→ REQUIRED ACTION
Starting at the first line of the data, print each line verbatim up to and including the line bearing "ft per carton)", omitting pictures.

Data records
---------------
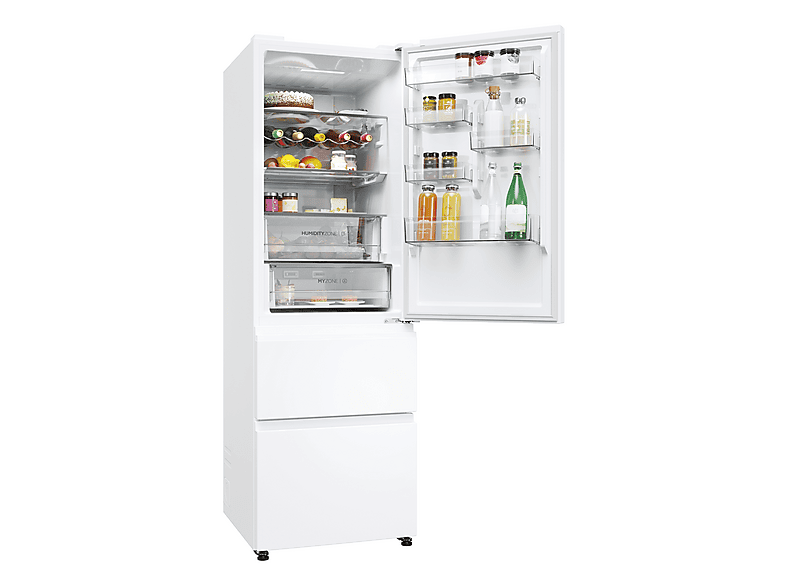 Frigorífico combi - Haier HTW5618ENPW, No Frost, Altura 1850 mm, Capacidad 360 l, Blanco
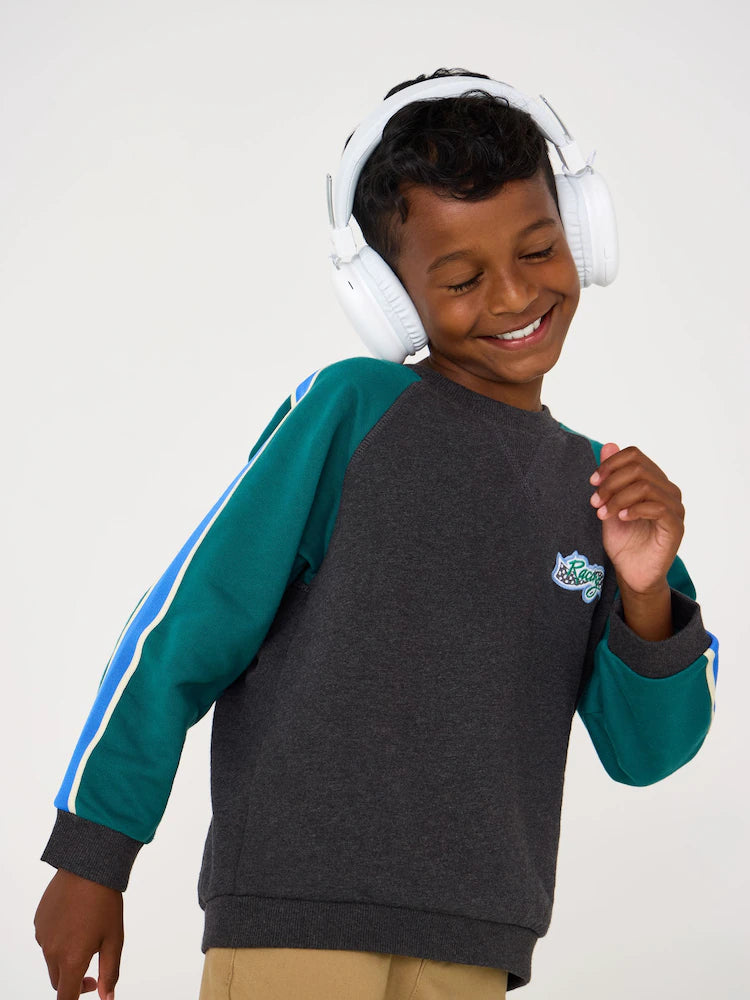 JoJo Maman Bébé Charcoal Grey Ready Set Race Applique Sweatshirt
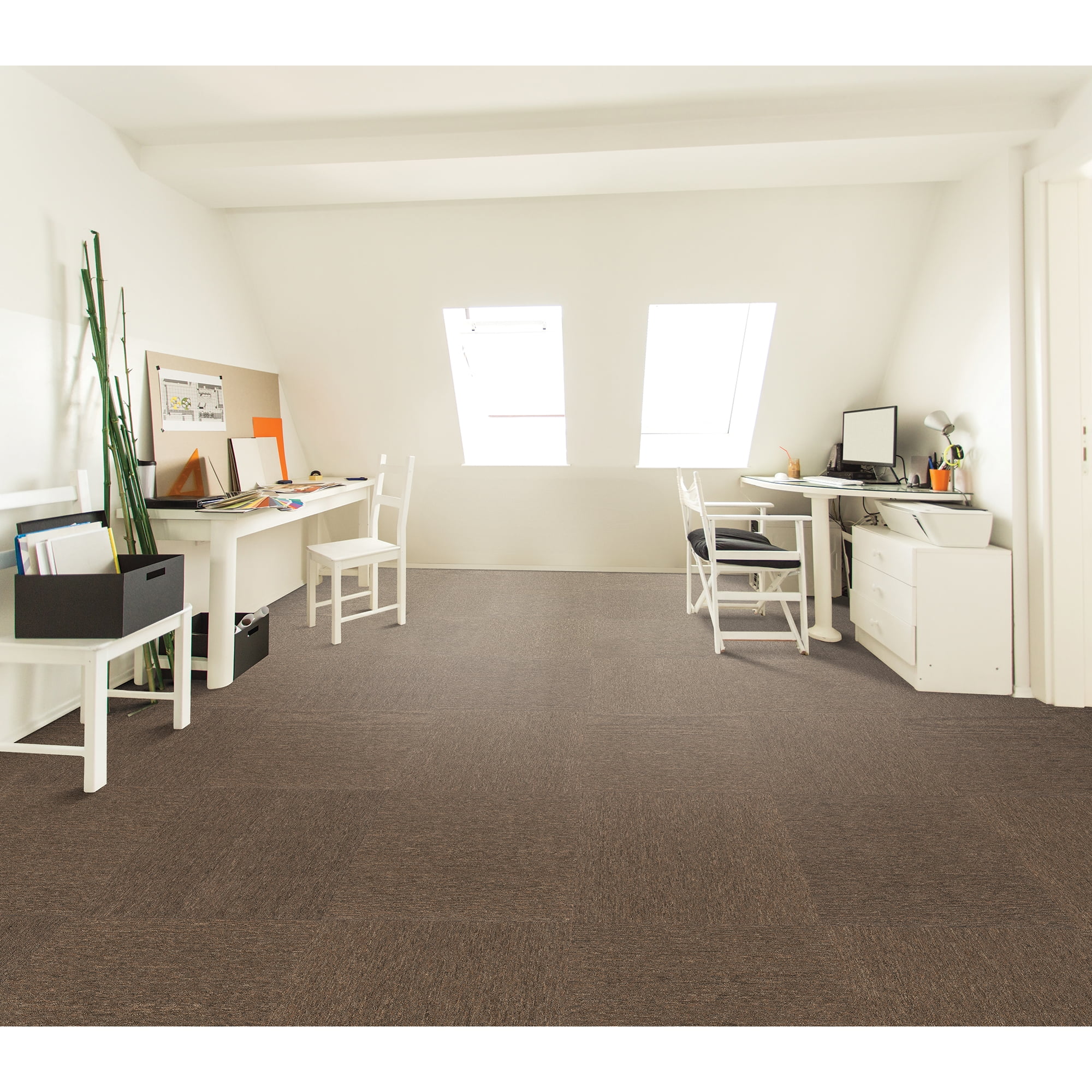 Mohawk Basics 24" x 24" Carpet Tile with EnviroStrand™ PET Fiber in Earth Tone (96 sq ft per carton)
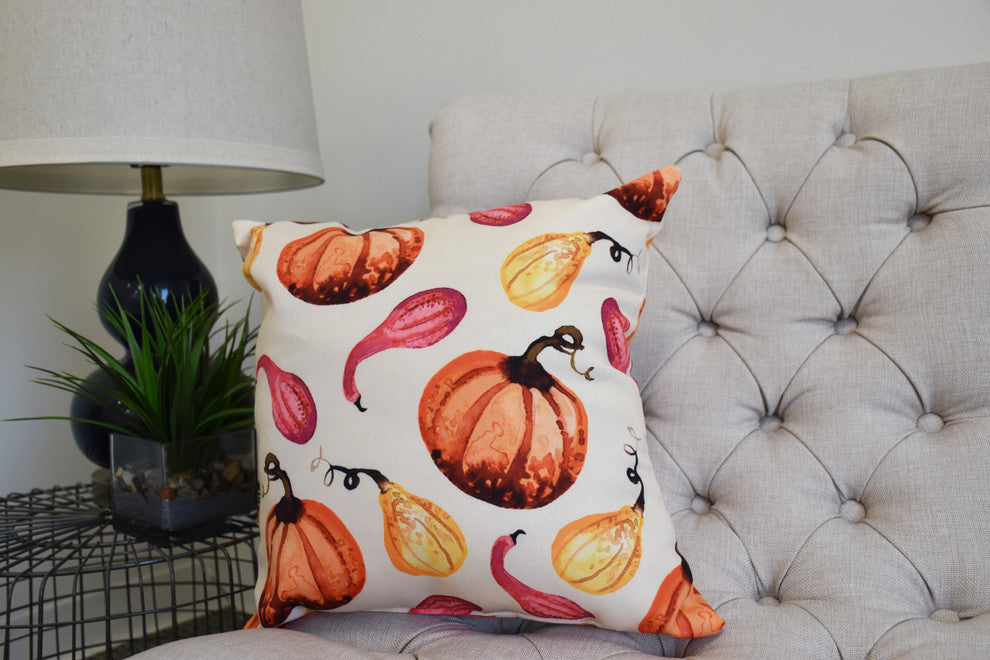 20" Gourds Galore Light Yellow Fall Print Decorative Throw Pillow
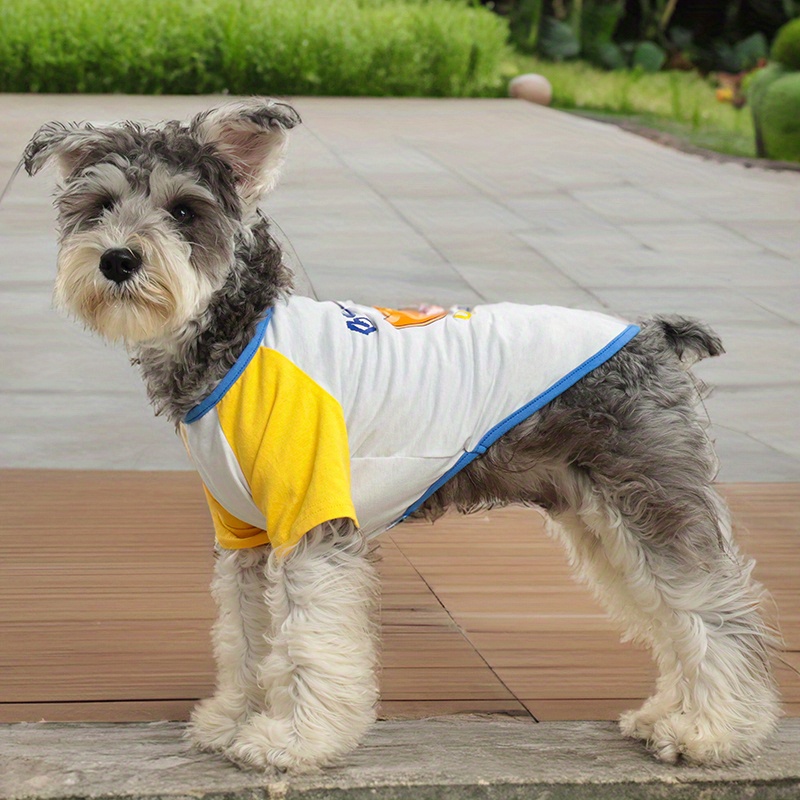 Dog Anti-hair Clothing Spring/Summer Thin Cat Cute Shirt Cartoon Dinosaur Fresh Small Dog Teddy Pet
---------------
→ SOLVED PROBLEM
 Frigorífico combi - Haier HTW5618ENPW, No Frost, Altura 1850 mm, Capacidad 360 l, Blanco
 JoJo Maman Bébé Charcoal Grey Ready Set Race Applique Sweatshirt
 Mohawk Basics 24" x 24" Carpet Tile with EnviroStrand™ PET Fiber in Earth Tone (96 sq ft per carton)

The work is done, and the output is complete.